CHAPTER 3
LITERATURE REVIEW
3.1 Introduction
The lucrative features of the speech and ever flourishing technical ability in this field have
fascinated engineers and speech scientists to think over the utilization of speech in many new
spheres of the daily life. Consequently, the topic “automatic speech recognition” is evolved
which aims to construct a machine that can emulate the human performance through recognizing
and synthesizing the human speech. (Podder, 1997).
In recent years, automatic speech recognition has reached very high levels of performance,
with word-error rates dropping by a factor of five in the past five years. This current state of
performance is largely due to improvements in the algorithms and techniques that are used in this
field. As a result, the accuracy level of ASR systems is improved especially when using a
combination of various algorithms and techniques.

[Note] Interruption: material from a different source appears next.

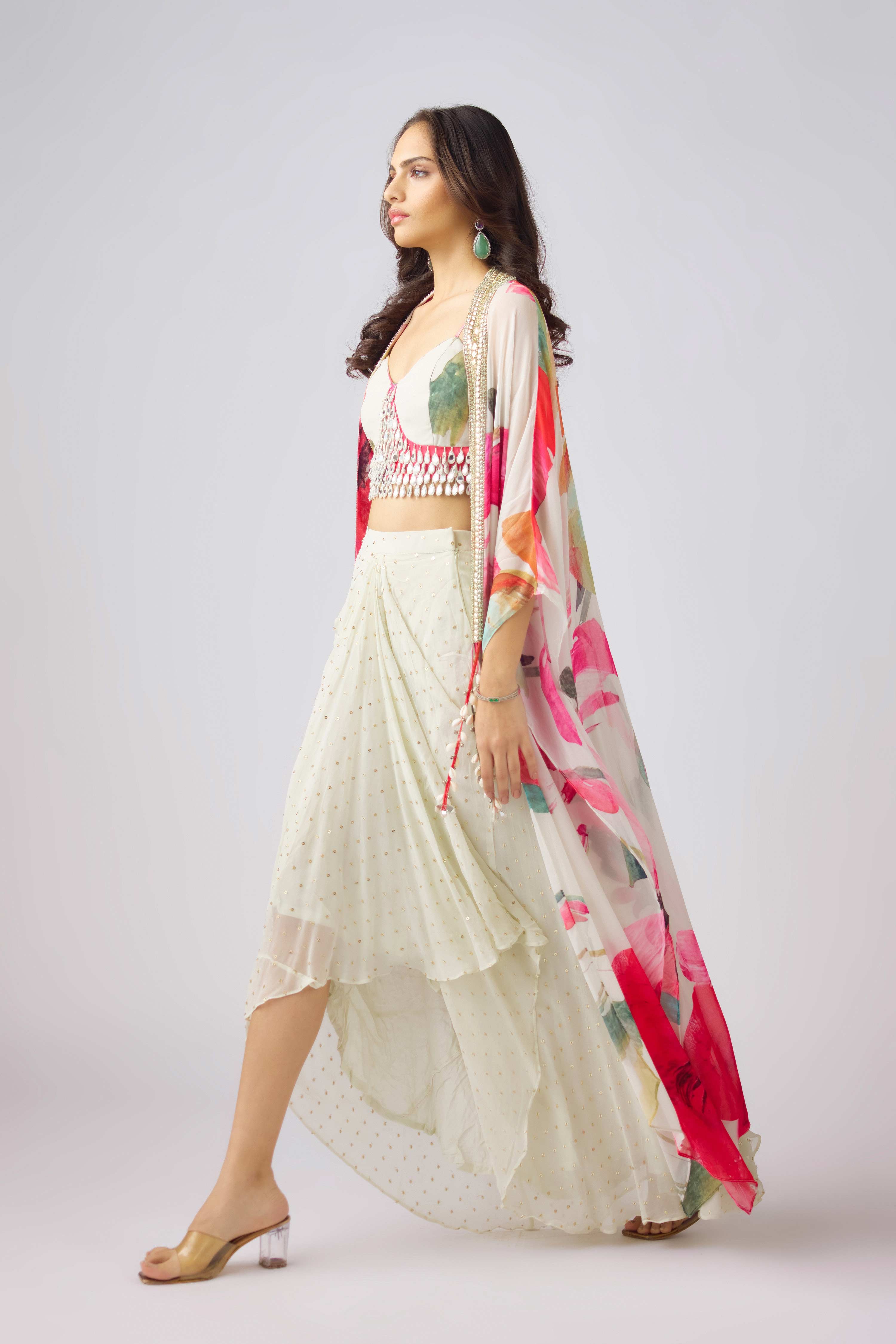 Multi Crepe Embroidered Floral Cape Set  Mokshaa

This chapter highlights some of key related researches, algorithms and techniques that are
relevant to this research. Various types of features extraction, classification and matching
techniques are also highlighted in this chapter. This chapter provides an overview on current
researches related to ASR and telephony speech recognition systems, which applied in their
implementation the most common features extraction, classification and matching algorithms
and techniques. Finally, this chapter provides a critical comparison of speech recognition
systems using the algorithms that are explained in this literature.
3.2 Features Extraction Techniques
Features extraction in ASR is the computation of a sequence of feature vectors which
provides a compact representation of the given speech signal. It is usually performed in three
main stages. The first stage is called the speech analysis or the acoustic front-end, which
performs spectro-temporal analysis of the speech signal and generates raw features describing
the envelope of the power spectrum of short speech intervals. The second stage compiles an
e